Exercise instructions: Write out exactly the lines from the one containing "Ford-f-150-1979-yellow-2" to the end of the material, both ends included, and nothing else. Leave pictures out.

Dataset section:
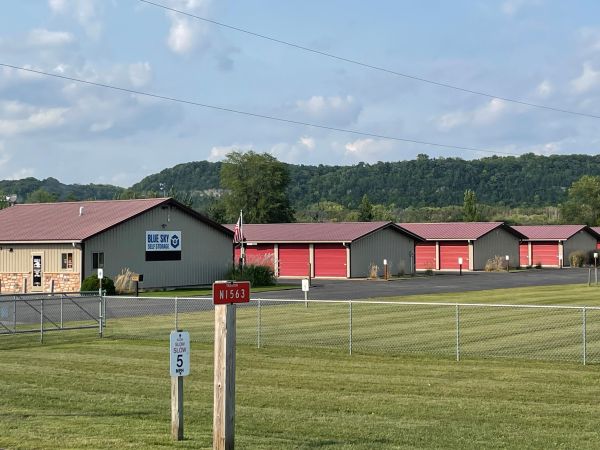 New Frontier Self Storage - Hager City - N1563 Us Highway 63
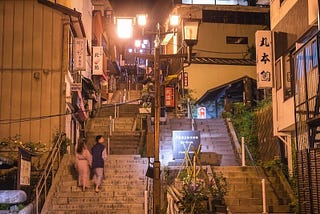 Especially at night, the stairs that lead through the center of Ikaho Onsen are incredibly charming. On either side of the steps, you’ll find traditional Japanese inns as well as restaurants offering local specialities like Gunma’s Ikaho Udon — a regional noodle dish.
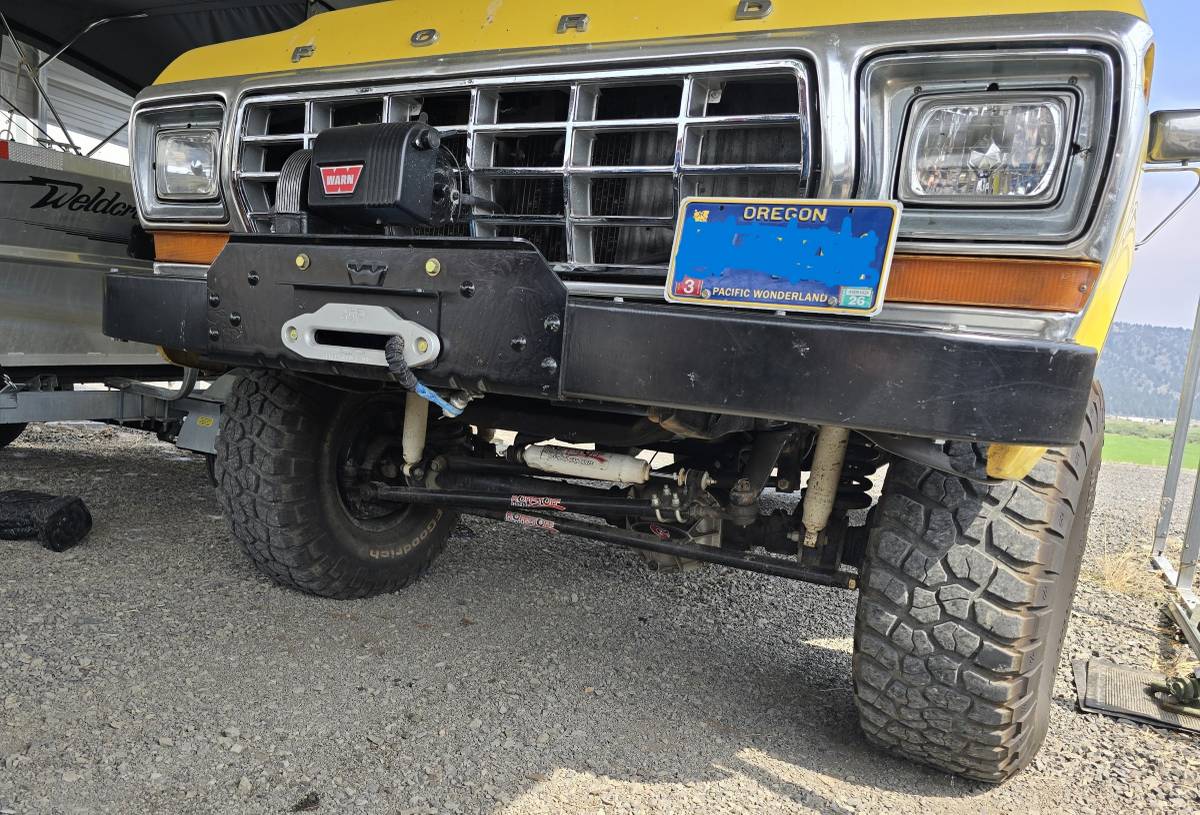 Ford-f-150-1979-yellow-2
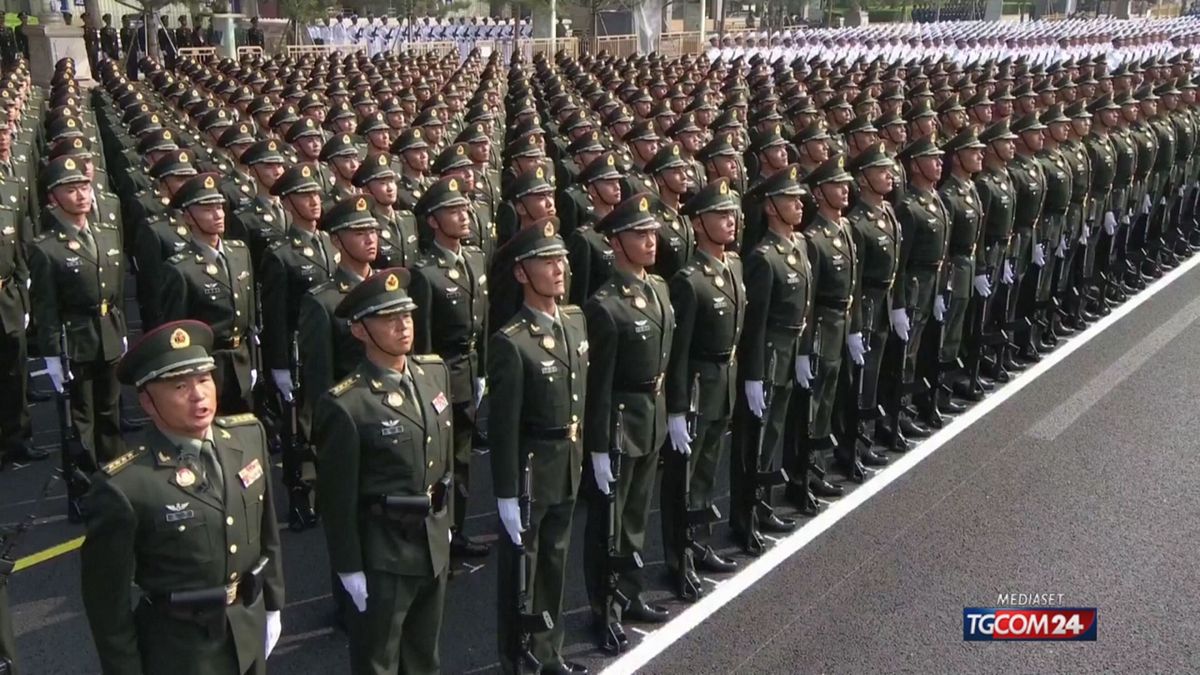 parata della vittoria a pechino xi mostra i muscoli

Reply to the task:
 Ford-f-150-1979-yellow-2
 parata della vittoria a pechino xi mostra i muscoli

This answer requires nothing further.